» **YOUR ASSIGNMENT**: Would you return exactly the lines below from the line with "обзор Дуршлаг Mallony Tagliatelle 985506" through the line with "at 13 Queen", both included, and nothing else, leaving out the pictures?

» **GIVEN RECORDS**:
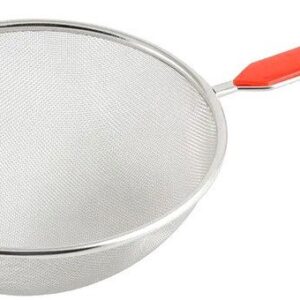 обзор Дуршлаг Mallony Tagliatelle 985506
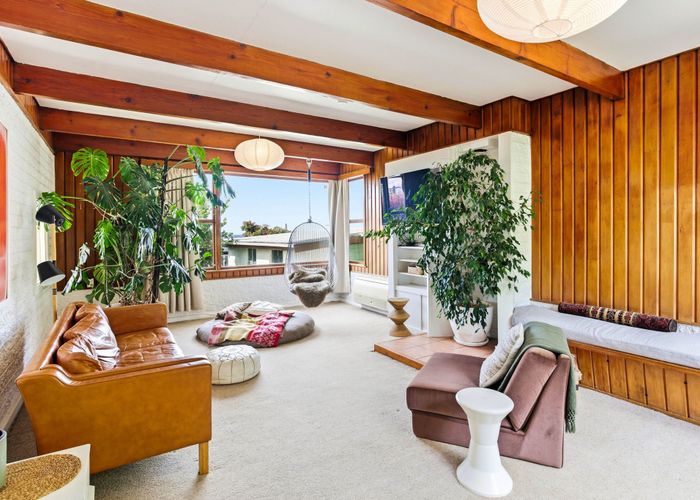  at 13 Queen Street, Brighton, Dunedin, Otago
...
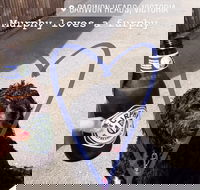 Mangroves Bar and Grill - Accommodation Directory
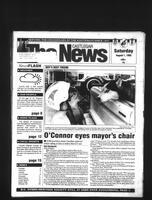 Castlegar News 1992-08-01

» **ANSWER TO THE PROBLEM**:
 обзор Дуршлаг Mallony Tagliatelle 985506
  at 13 Queen Street, Brighton, Dunedin, Otago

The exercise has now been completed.